Google closes N-word detour to White House

Reuters/Chris Helgren
Google has announced it is working to fix algorithms employed by its Google Maps program to end instances in which offensive, racially-charged search terms involving the N-word do not direct a user to the White House.

Reports this week by The Huffington Post and The Washington Post found that racial slurs used in Google Maps search phrases were leading users to the White House, as well as places such as Howard University, a historically black college in Washington, DC.

In a blog post, Google executive Jen Fitzpatrick apologized for the situation and said Google "has been working hard to fix this issue." She explained how chatter across the Internet affects Google Maps searches.

"Our ranking systems are designed to return results that match a person’s query," she wrote. "For Maps, this means using content about businesses and other public places from across the web."

She added that the offensive terms "were triggering unexpected maps results, typically because people had used the offensive term in online discussions of the place.

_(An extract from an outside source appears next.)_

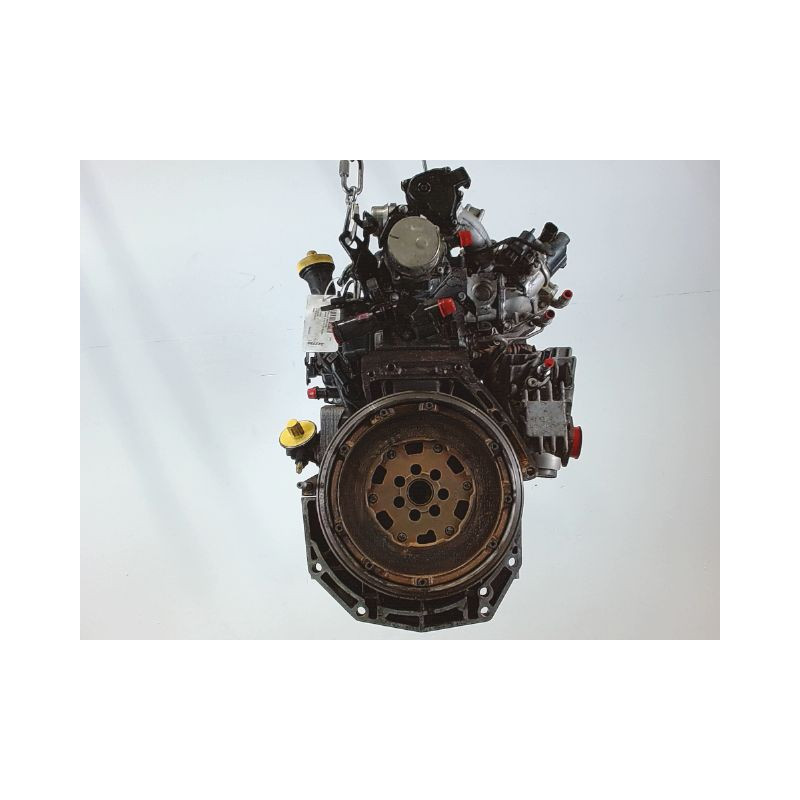 MOTEUR DIESEL RENAULT MEGANE III ESTATE 09- 1.5 dCi (KZ09, KZ0D, KZ1G, KZ29, KZ14, KZ1W, KZ10, KZ1F,...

This surfaced inappropriate results that users likely weren’t looking for."

Fitzpatrick, Google's vice president for Engineering & Product Management, said that the company has begun to update its "ranking system to address the majority of these searches—this will gradually roll out globally and we’ll continue to refine our systems over time."

According to The Hill, at least some offensive terms are no longer directing Maps users to the White House.

"Searches for two of the racist phrases — 'n----- house' and 'n----- king' — by two Hill reporters using different computers yielded a message that indicated no results could be found. The same was true of the phrase 'f--- n------,' which The Washington Post reported had been leading users to the U.S. Capitol," The Hill reported Friday.

Previously, pranksters gamed a security weakness in Google Maps so that a shop called "Edwards Snow Den" -- offering “a great source of classified information" -- appeared on Google’s map of the White House. The fake listing was an homage to surveillance whistleblower and former intelligence contractor Edward Snowden, who revealed massive US government spying programs in 2013.